What is needed: Set the material down again exactly, line by line, skipping each picture.

Material for the task:
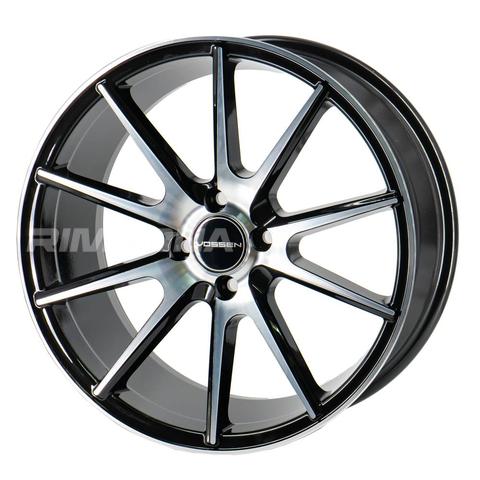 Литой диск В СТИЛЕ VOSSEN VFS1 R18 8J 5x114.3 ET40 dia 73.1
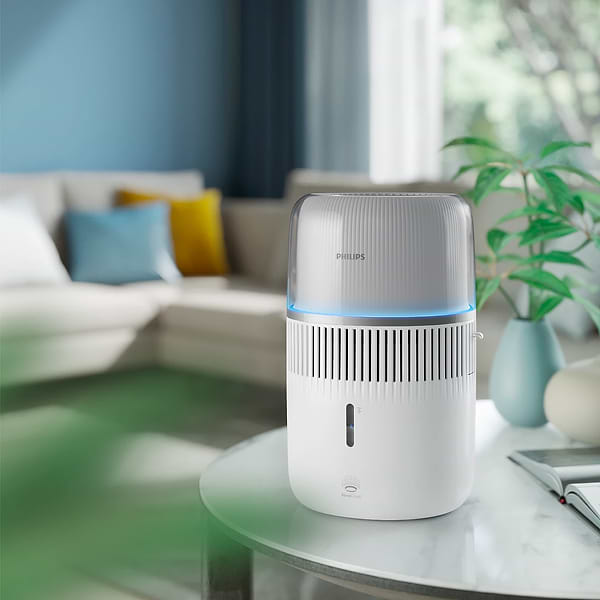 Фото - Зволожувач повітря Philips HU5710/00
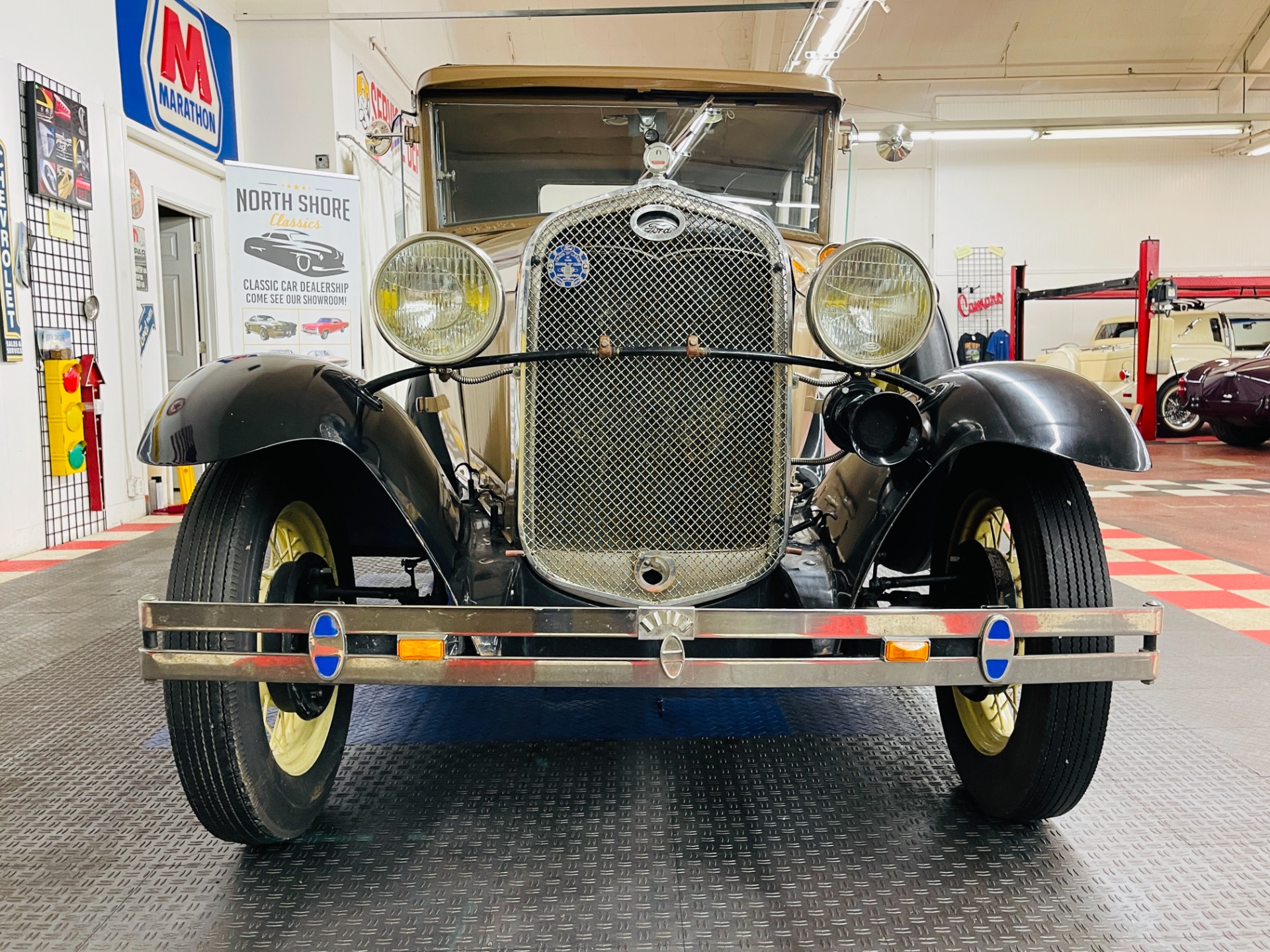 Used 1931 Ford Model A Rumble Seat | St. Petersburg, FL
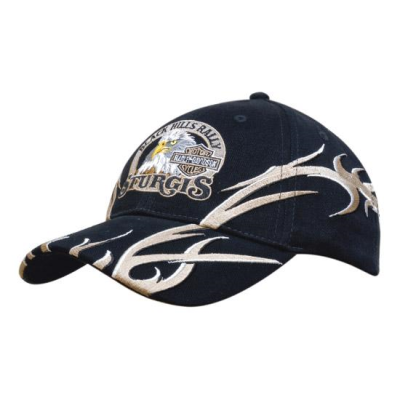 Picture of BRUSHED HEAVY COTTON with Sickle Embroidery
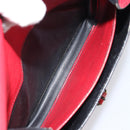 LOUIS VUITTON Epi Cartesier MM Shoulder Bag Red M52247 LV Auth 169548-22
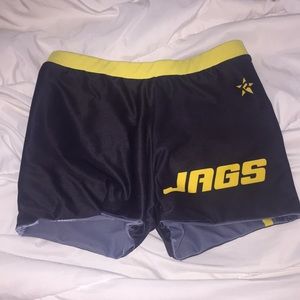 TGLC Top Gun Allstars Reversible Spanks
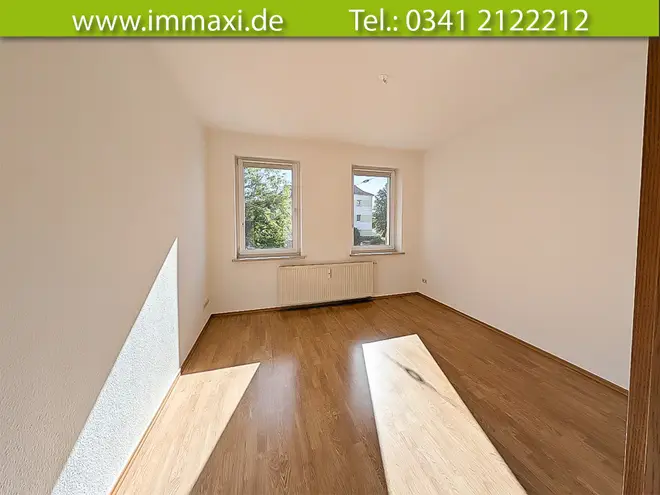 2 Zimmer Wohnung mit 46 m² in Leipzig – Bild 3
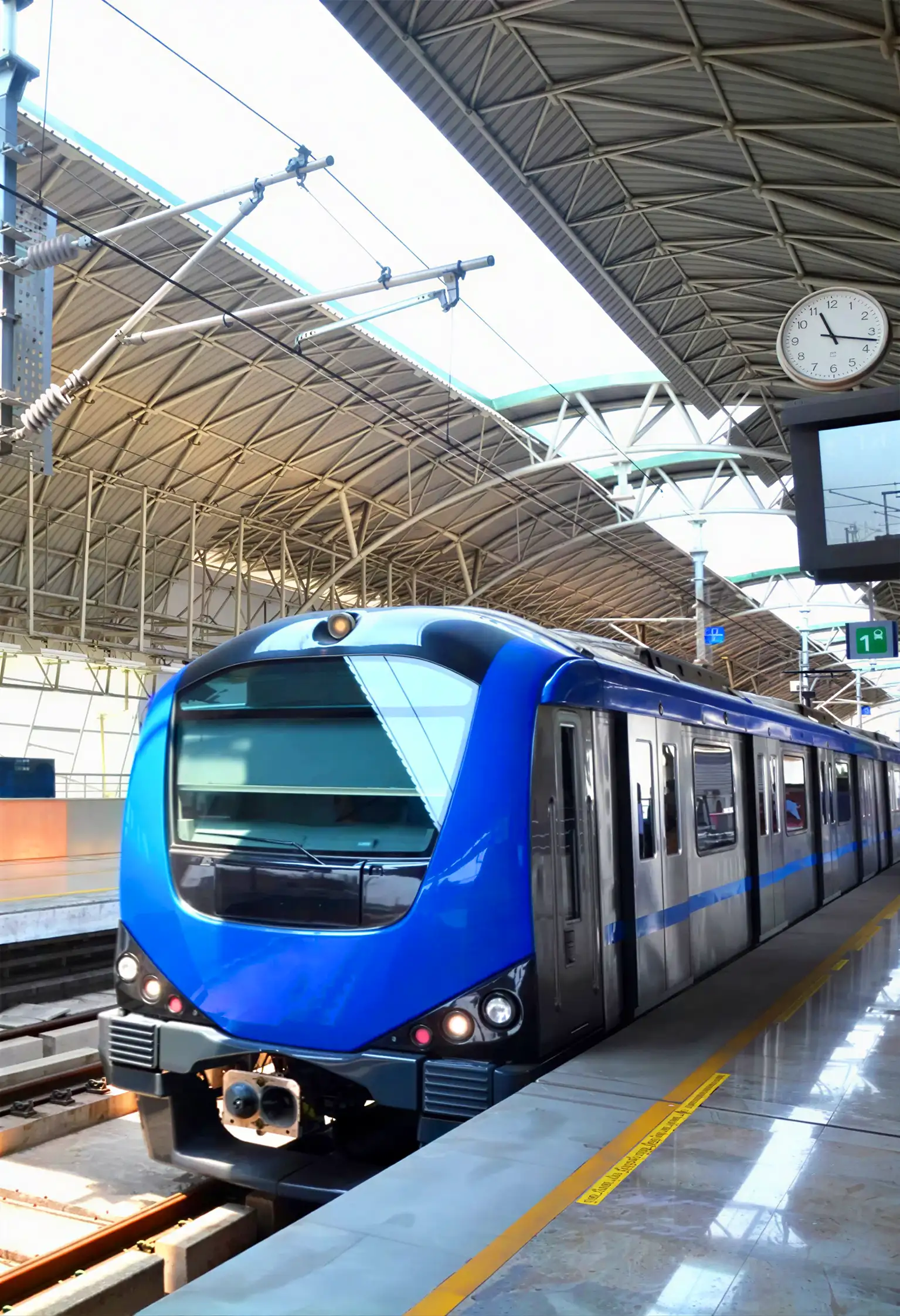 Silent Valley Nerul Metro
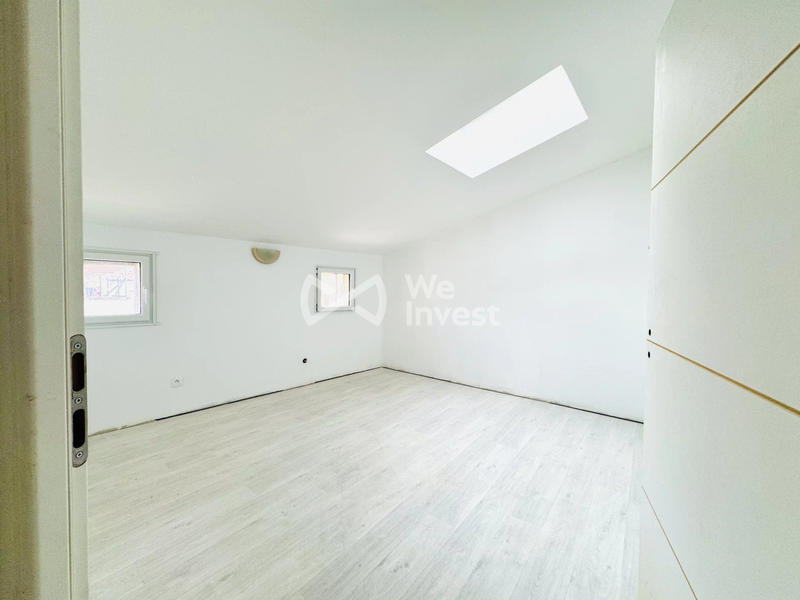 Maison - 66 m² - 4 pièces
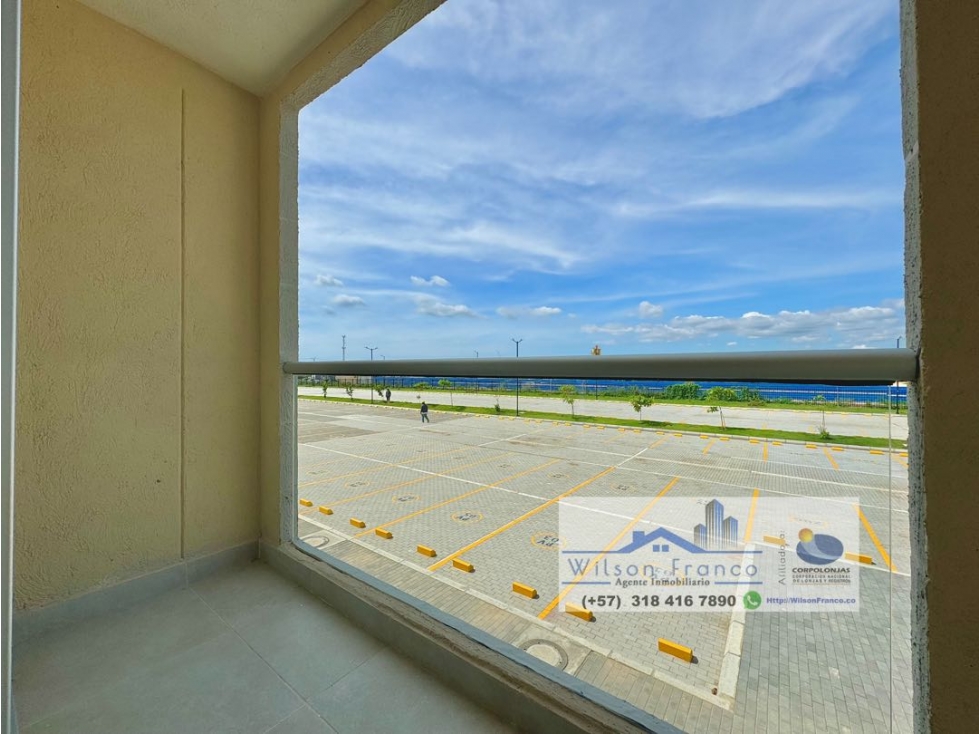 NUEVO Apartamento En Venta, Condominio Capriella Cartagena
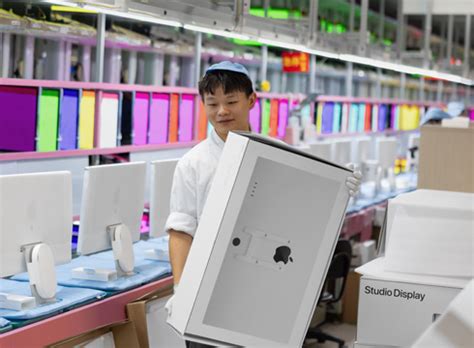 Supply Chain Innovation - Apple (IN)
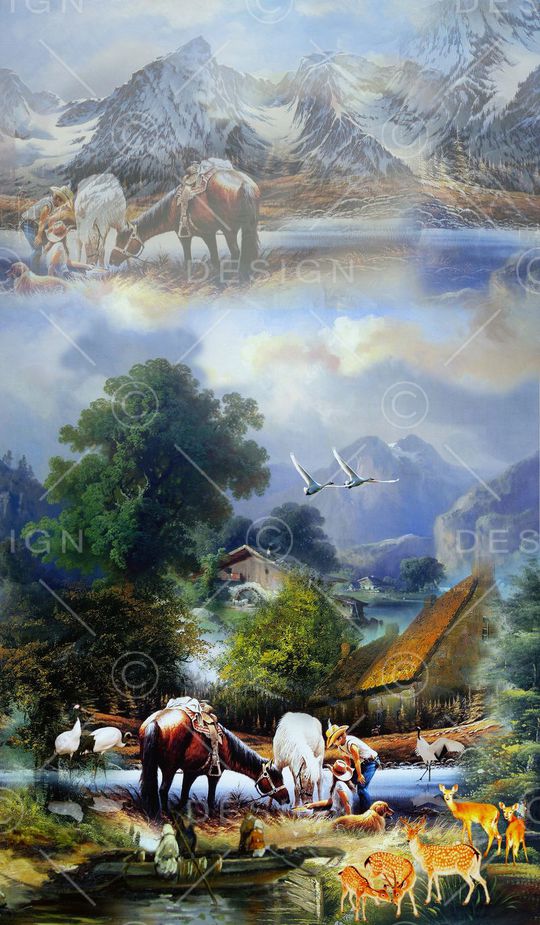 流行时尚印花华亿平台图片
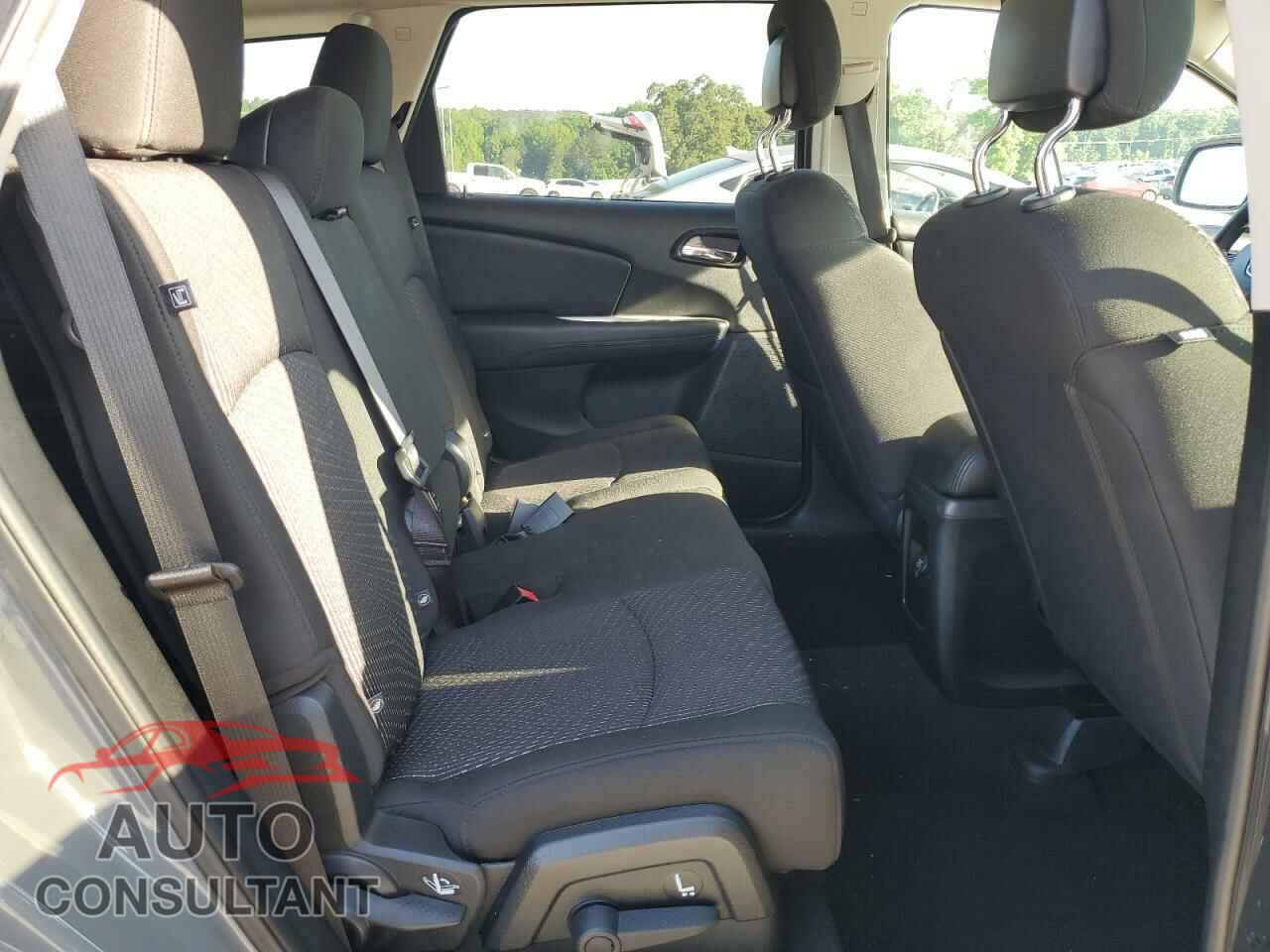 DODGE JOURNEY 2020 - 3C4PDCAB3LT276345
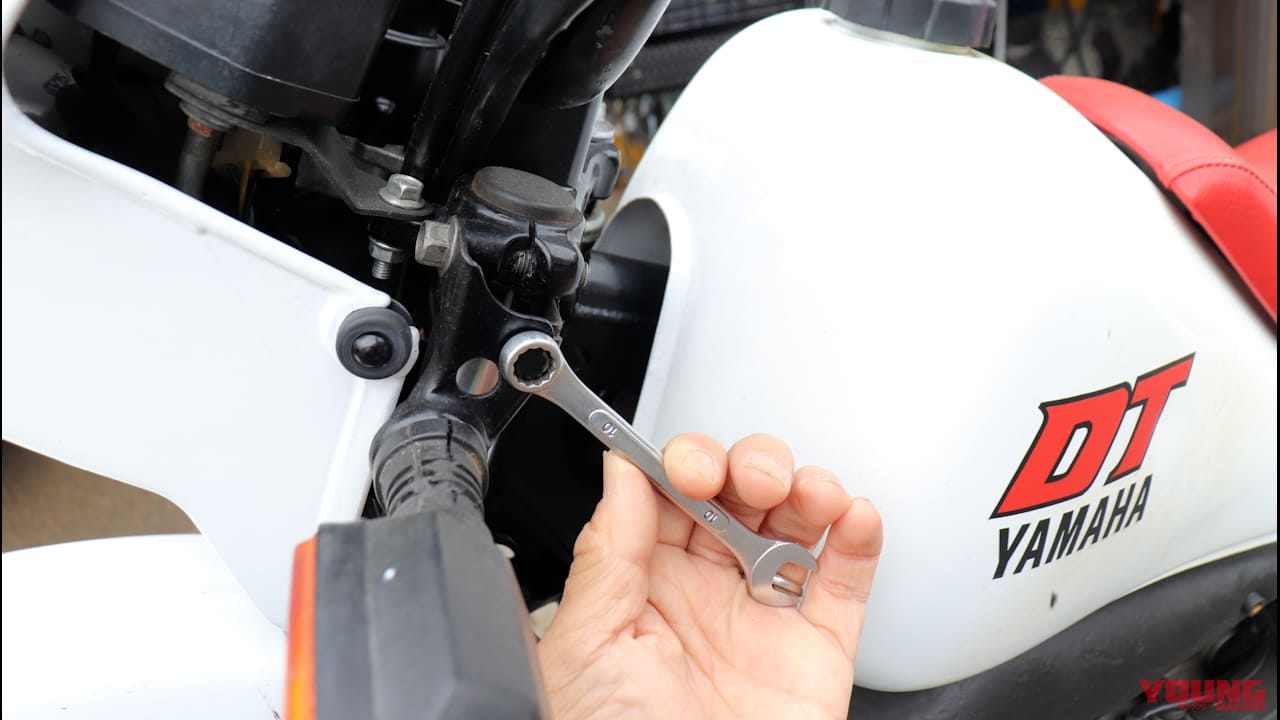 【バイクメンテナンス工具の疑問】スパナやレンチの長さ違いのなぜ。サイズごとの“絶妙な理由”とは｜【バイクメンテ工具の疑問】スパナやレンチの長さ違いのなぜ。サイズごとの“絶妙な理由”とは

Task output:
 Литой диск В СТИЛЕ VOSSEN VFS1 R18 8J 5x114.3 ET40 dia 73.1
 Фото - Зволожувач повітря Philips HU5710/00
 Used 1931 Ford Model A Rumble Seat | St. Petersburg, FL
 Picture of BRUSHED HEAVY COTTON with Sickle Embroidery
 LOUIS VUITTON Epi Cartesier MM Shoulder Bag Red M52247 LV Auth 169548-22
 TGLC Top Gun Allstars Reversible Spanks
 2 Zimmer Wohnung mit 46 m² in Leipzig – Bild 3
 Silent Valley Nerul Metro
 Maison - 66 m² - 4 pièces
 NUEVO Apartamento En Venta, Condominio Capriella Cartagena
 Supply Chain Innovation - Apple (IN)
 流行时尚印花华亿平台图片
 DODGE JOURNEY 2020 - 3C4PDCAB3LT276345
 【バイクメンテナンス工具の疑問】スパナやレンチの長さ違いのなぜ。サイズごとの“絶妙な理由”とは｜【バイクメンテ工具の疑問】スパナやレンチの長さ違いのなぜ。サイズごとの“絶妙な理由”とは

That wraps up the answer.